There wouldn’t be many concrete answers. Not yet anyway. Maybe it’s ours? Maybe it’s theirs? Maybe it will be the “Nimitz II?” Or maybe, just maybe, it would defy all reasonable attempts at identifying it… and become, well, unidentified?
Striking Pay Dirt
Luckily, the Navy saves all vessel logs from the bridges of every ship going back to pre-WWII. Or, at least, that’s what I thought, but more on that later.
These logs record the minute-by-minute goings-on, speed, heading, engines, and other minutiae. These logs are all boxed up and sent to the Navy History and Heritage Command at the Washington Navy Yard in D.C.
One may think it’s odd to search for UFO reports in the Navy’s history museum archives, but that is essentially what I did. They finally arrived in early May of 2020 and I scoured the 400+ redacted pages for UFO sightings. Instead, I quickly found Snoopy and UAV sightings. Rather SNOOPIE team sightings. There were numerous reports of, “AWAY SNOOPIE TEAM AWAY!”, “SPOTTED UNIDENTIFIED DRONE”, all usually at night.
A quick internet search led me to the answer on what “SNOOPIE” stood for: Ship’s Nautical Or Otherwise Photographic Interpretation and Examination. It’s a quick response team of navy mass communications specialists, photographers who film and videotape any unknown ship or aircraft for intelligence gathering. The team runs, climbs, and hauls their gear to the top of the bridge superstructure, day or night, 24/7, and in any weather.
“Whenever the Snoopie Team is called away they come with high-end DSLR cameras and video cameras also.
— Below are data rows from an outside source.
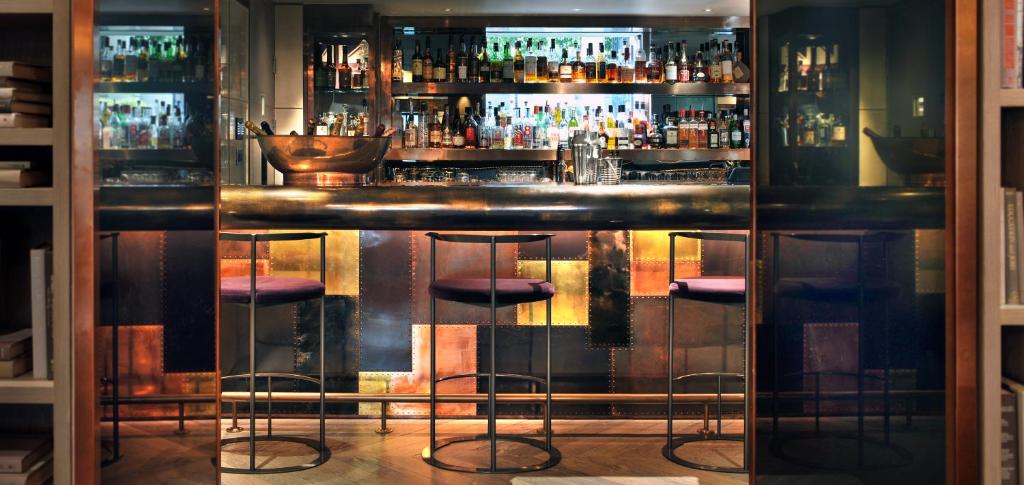 Lounge nebo bar v ubytování The Hari London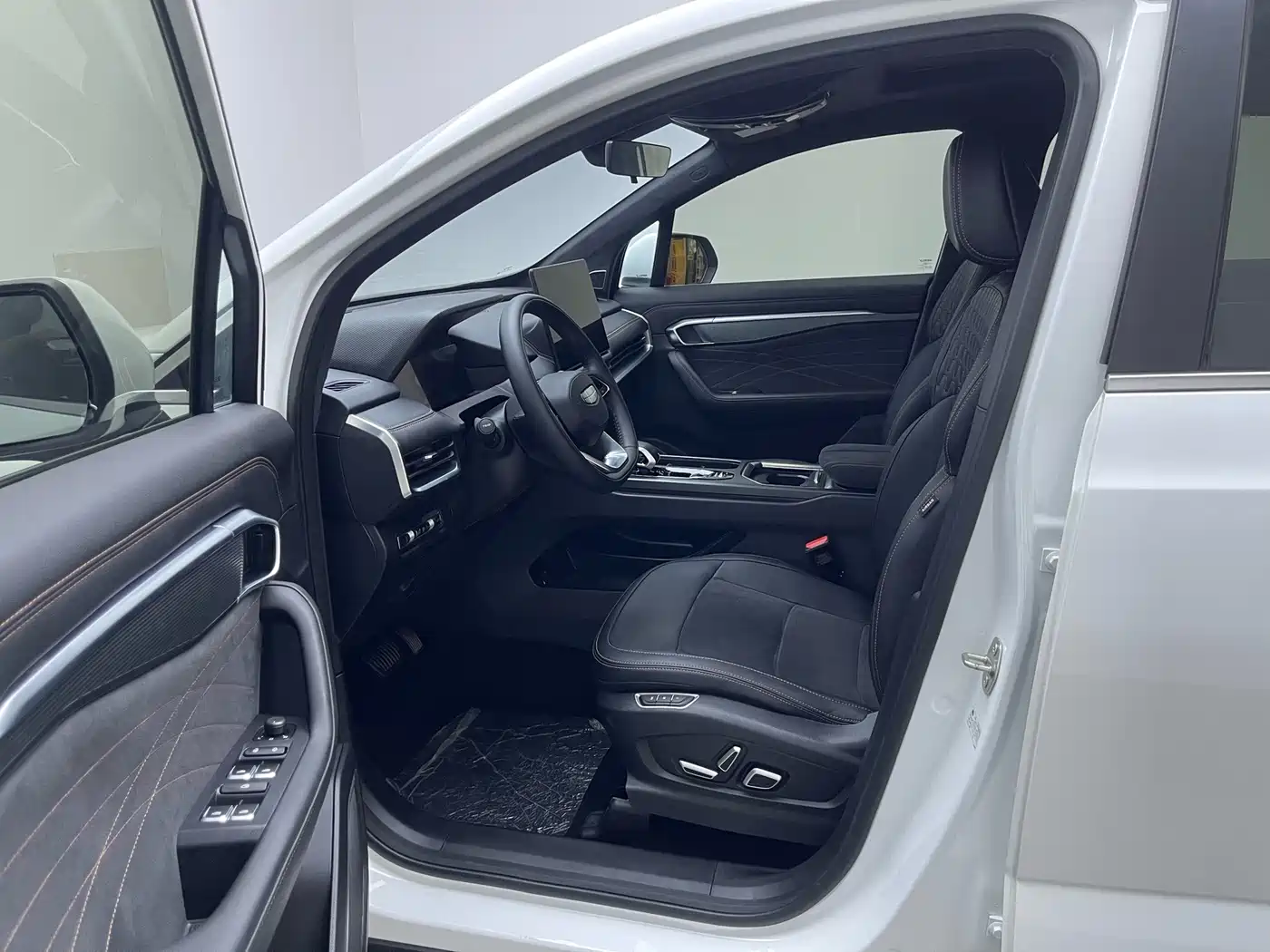 Geely Haoyue L 2024 2025 2.0T DCT Exclusive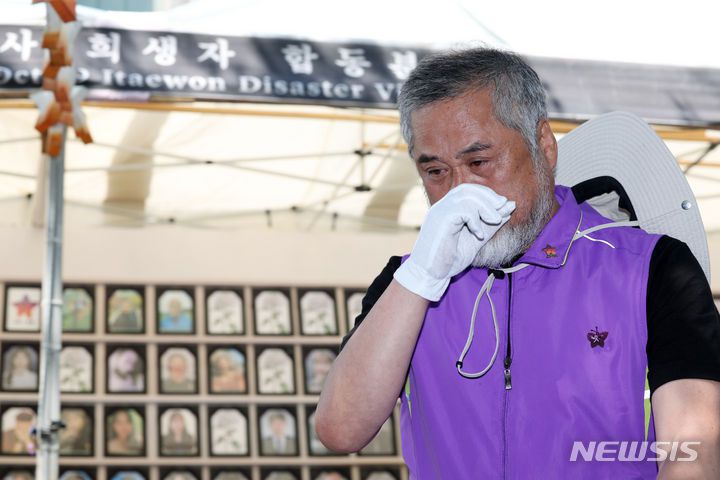 [서울=뉴시스] 김명년 기자 = 이정민 이태원참사 유가족협의회 운영위원장이 16일 오후 중구 서울광장에서 열린 이태원 참사 희생자 합동 분향소 운영 종료식에서 발언을 마치고 눈물을 흘리며 자리로 돌아가고 있다. 2024.06.16. kmn@newsis.com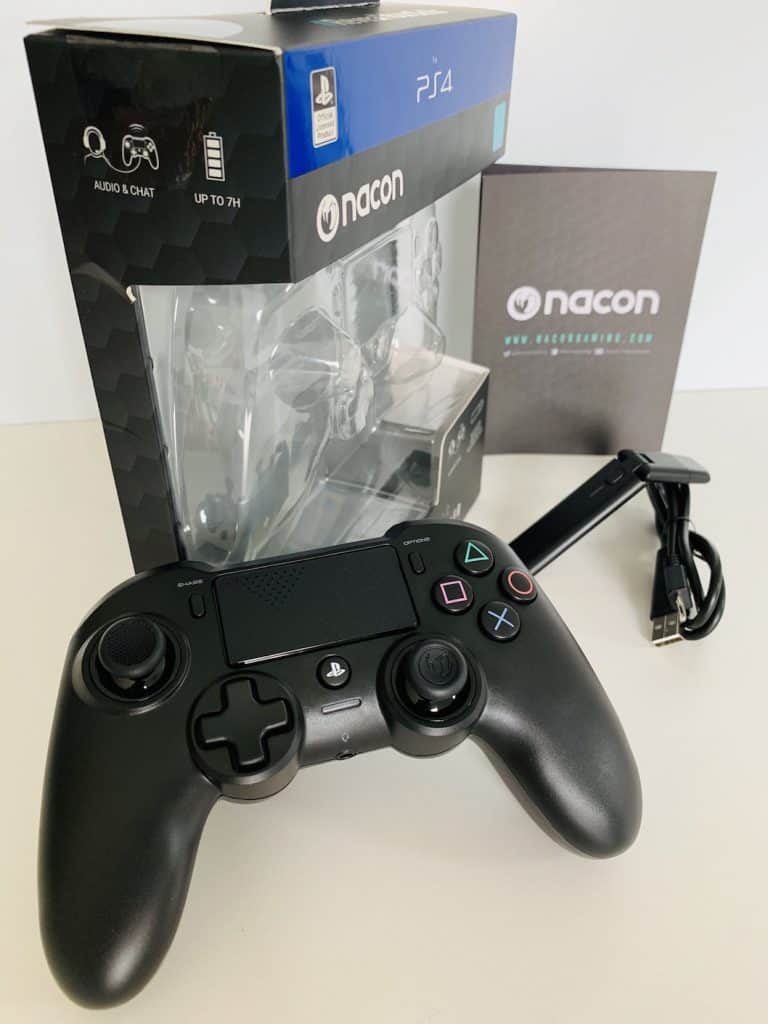 Un câble, un dongle bluetooth et une manette - that's it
Calling away the Snoopie Team in US waters is definitely not something normally done and doing so at night is really unusual. The team’s main purpose is to help ID a vessel of interest or document something unusual about a vessel or aircraft. ” — CWO anonymous
But what else did the Kidd’s deck logs show? They revealed that It was not just USS Kidd having these sightings; many other ships were present; and the mystery UAVs seemed to only appear at night, often in the fog.
The Kidd logs also show multiple sightings on the 14th, 15th, 16th, and again on the nights of July 23rd, 24th, and 25th. Pretty much the entire month.
In June 2020, blogger Danny Silva of Silvarecord.com wrote up the story online. He was the first to contact me about the USS Kidd sightings and write about my research. Next, freelance writer and French air navigation control engineer, Marc Cecotti contacted me after I published my findings publicly on social media and we both began seeking more official documents and the SNOOPIE reports via FOIA. Marc and I were able to get many more documents released via FOIA.
The USS Kidd’s deck logs alone revealed month-long, multi-night, multi-witness sightings of unknown aerial objects that ultimately I would discover included ten other ships, including the aircraft carrier USS Theodore Roosevelt. The boatswains mates creating the deck logs did not use the terms UAP or UFO. The logs describe them as “Unidentified UAVs”, “Suspected Drones”, “Red lights”, “Flashing red lights”, “Red flares” and “White lights” all documented by numerous SNOOPIE teams tracking, filming, and recording them night after night near the Channel Islands of Southern California.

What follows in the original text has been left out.